A new political era is coming to Cleveland City Council, courtesy of council’s impending reduction in size, and the brouhaha over whose ox is being gored has totally obscured its fundamental implications for the city’s politics.
When it comes time to redraw electoral boundaries, politicians often insist that their options are restricted by geographic factors like rivers and railroad tracks, constitutional or other legal requirements, and the demands of their legislative colleagues.
While these may all be valid considerations, mapmakers almost always have considerable latitude in how the lines get drawn to favor or punish incumbents or communities.
This was certainly the case regarding the reconfigured ward boundaries that Cleveland City Council is expected to vote on tomorrow.
The next council will have 15 members, down from the current 17. The reduction in council’s size is mandated by the city’s Charter, which ties the number of city wards to the city’s population, as measured by the nation’s decennial census. The city's population dipped below 375,000 in the official count, triggering the need for council reduction.
Council President Blaine Griffin went public with the proposed new ward boundaries in late November after he was called out on the council floor by Ward 12 councilmember Rebecca Maurer, whose district will disappear if the new boundaries are approved by the full council tomorrow night.
In a highly unusual move, Griffin relinquished the gavel, taking the floor to rebut Maurer’s passionate objections in a tone and manner that was both dismissive and sexist. Griffin claimed innocence of any intent on his part to vaporize Maurer from her ward, saying that she like all her colleagues, had to adjust to the city’s population shifts.
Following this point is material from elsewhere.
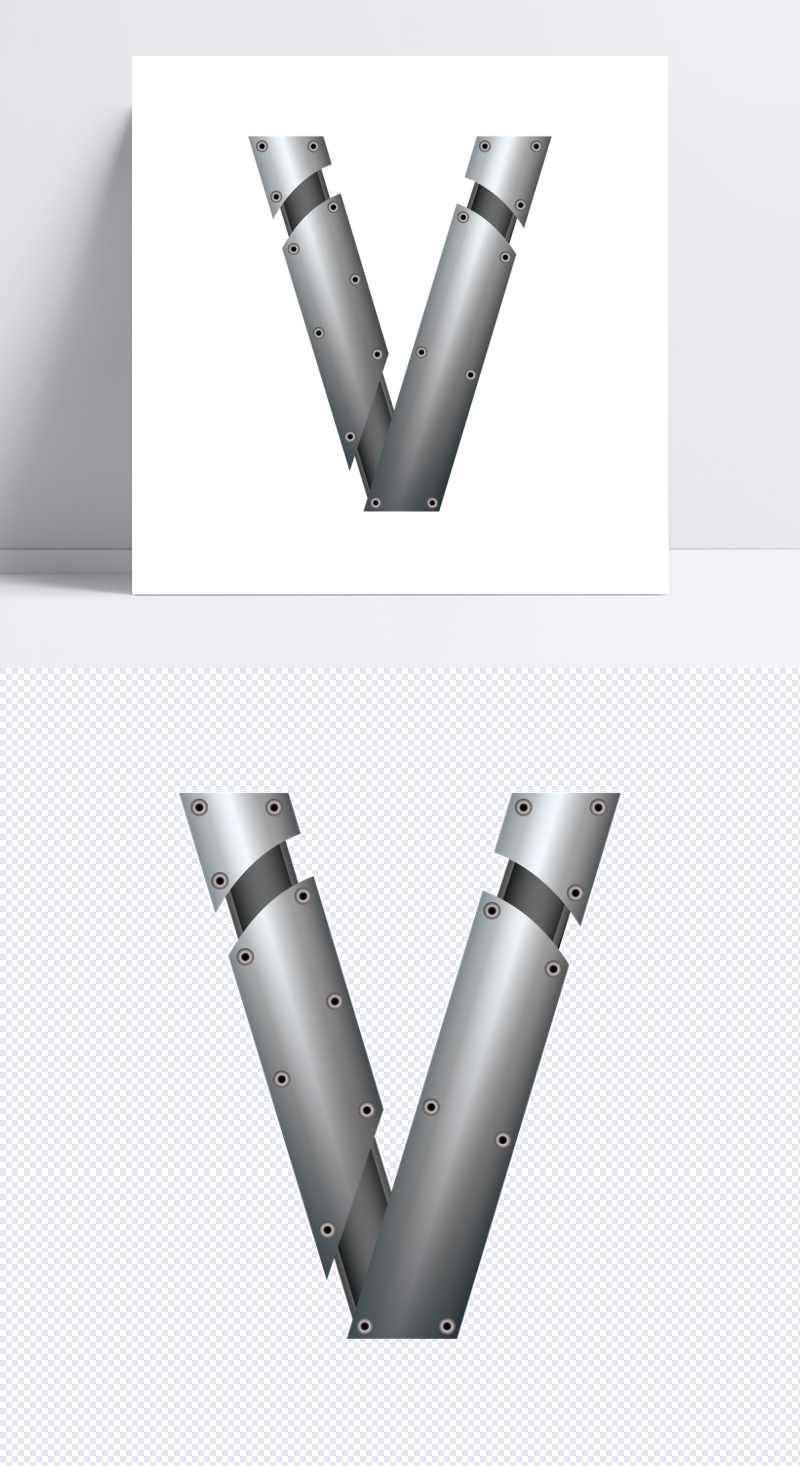 金属质感字母字体V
Griffin later held a press conference where he trotted out his paid consultants to recite standard pablum about the technical difficulties inherent in redrawing boundaries in a city with a lake, a river, railroad tracks, and assorted peninsulas.
It says here that Griffin intentionally ordered the shredding of Maurer’s district.
How do we know this? The proposed map tells us for one, and so does common sense. But let us first consider what the new map does well.
By uniting the city’s large and historic Collinwood district and eliminating the serpentine district along the city’s eastern lakefront, Griffin’s map repairs the major monstrosities of former president Marty Sweeney’s straightforward abortive attempt to protect his political ally, then-councilman Eugene Miller and punish his political enemy, former councilman [now judge] Jeff Johnson. While Sweeney’s blatant maneuver failed spectacularly, it more significantly distorted political representation in multiple neighborhoods.
This was important to fix, and Griffin deserves credit for making it happen.
In addition to punishing Maurer, the new map also radically reshapes representation for downtown Cleveland and nicely realigns the city’s west side wards.
The city’s core business district, which now has a significant and relatively affluent residential component, will now be represented by two eastside council people.
This will be unprecedented, and it will be consequential. The affected eastside wards are currently represented by Stephanie Howse and Richard Starr. If you ask most people — including Howse and Starr — they would be identified as the representatives of Hough and Central, two of the city’s blackest and most impoverished areas. Councilmembers from those wards will now be called upon to balance the compelling interests of the city’s richest and poorest populations.
How will that play out?
Let me suggest that any councilperson who can successfully navigate that responsibility would become a consequential candidate for higher office.
I wrote above of Griffin’s intent to remove Maurer from council by eviscerating her base. This conclusion is supported by the map. Let’s do the math. Earlier this year, Ward 16’s Jenny Spencer announced she would not run for re-election. The Collinwood unification ostensibly pits the hoary Mike Polensek against the politically ambitious Anthony. Hairston, a near unmistakable signal that Polensek has told Griffin that he is stepping down after his record-length tenure.
Most tellingly, the reassignment of downtown to two eastside incumbents at the expense of sitting councilman Kerry McCormack would be inconceivable if McCormack has not indicated to Griffin that he is exiting council alongside Spencer and Polensek.
So, if three incumbents are leaving, and only two seats must be eliminated, why would Maurer’s ward have to disappear if Griffin didn’t want her gone?
Many variables remain to be resolved before June’s filing deadline, September’s primary, and November’s election. Will Maurer choose to run from a new ward? Will a viable challenger emerge for Deborah Gray, who not only stands to lose Shaker Square [to Griffin] but now looks to have council’s most serpentine-shaped seat? What progressive newcomer[s] will emerge from the city’s recent initiative campaigns?
The resolution of these questions means that a year from now, the new council could be missing as many as five current incumbents, seating at least three new members, facing a significant increase in its gender imbalance, and possibly have its first majority-minority composition.